§ ACTION ITEM: What is needed is an exact repeat of the entries, with no pictures in it.

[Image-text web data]
§ §

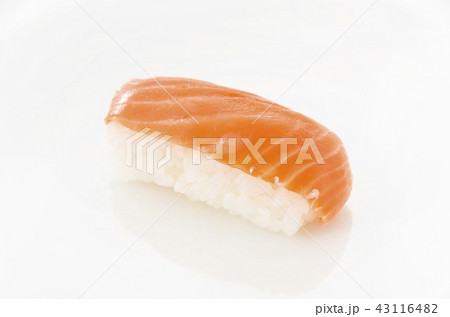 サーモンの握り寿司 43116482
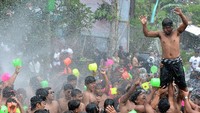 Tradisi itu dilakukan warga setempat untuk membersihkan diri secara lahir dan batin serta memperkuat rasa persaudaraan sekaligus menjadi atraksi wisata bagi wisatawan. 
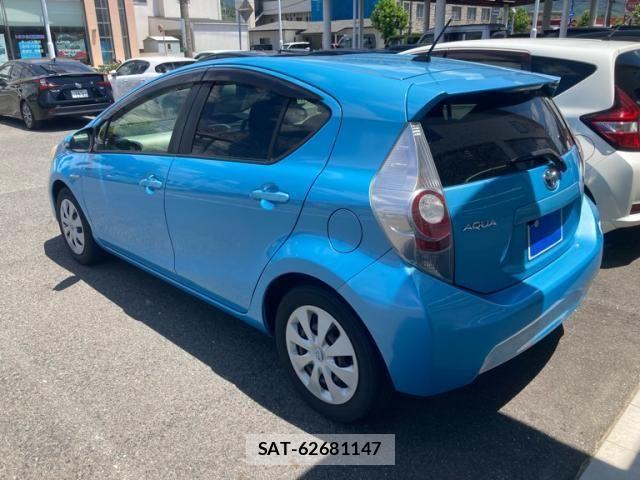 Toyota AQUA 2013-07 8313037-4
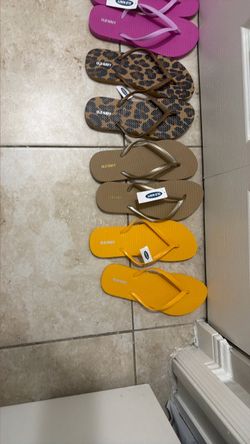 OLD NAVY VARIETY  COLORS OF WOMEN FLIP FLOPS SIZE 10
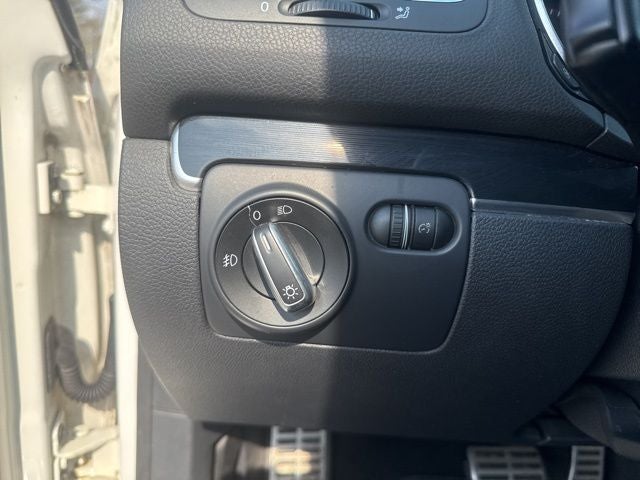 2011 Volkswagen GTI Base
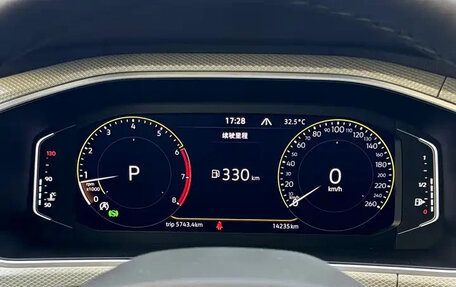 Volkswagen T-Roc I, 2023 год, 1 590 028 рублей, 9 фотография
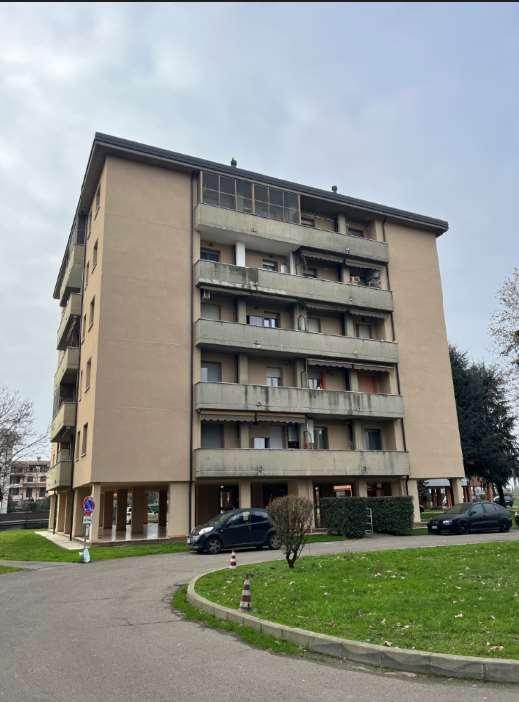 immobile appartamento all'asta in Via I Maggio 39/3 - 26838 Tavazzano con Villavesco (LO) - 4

§ §

§ TASK OUTPUT:
 サーモンの握り寿司 43116482
 Tradisi itu dilakukan warga setempat untuk membersihkan diri secara lahir dan batin serta memperkuat rasa persaudaraan sekaligus menjadi atraksi wisata bagi wisatawan. 
 Toyota AQUA 2013-07 8313037-4
 OLD NAVY VARIETY  COLORS OF WOMEN FLIP FLOPS SIZE 10
 2011 Volkswagen GTI Base
 Volkswagen T-Roc I, 2023 год, 1 590 028 рублей, 9 фотография
 immobile appartamento all'asta in Via I Maggio 39/3 - 26838 Tavazzano con Villavesco (LO) - 4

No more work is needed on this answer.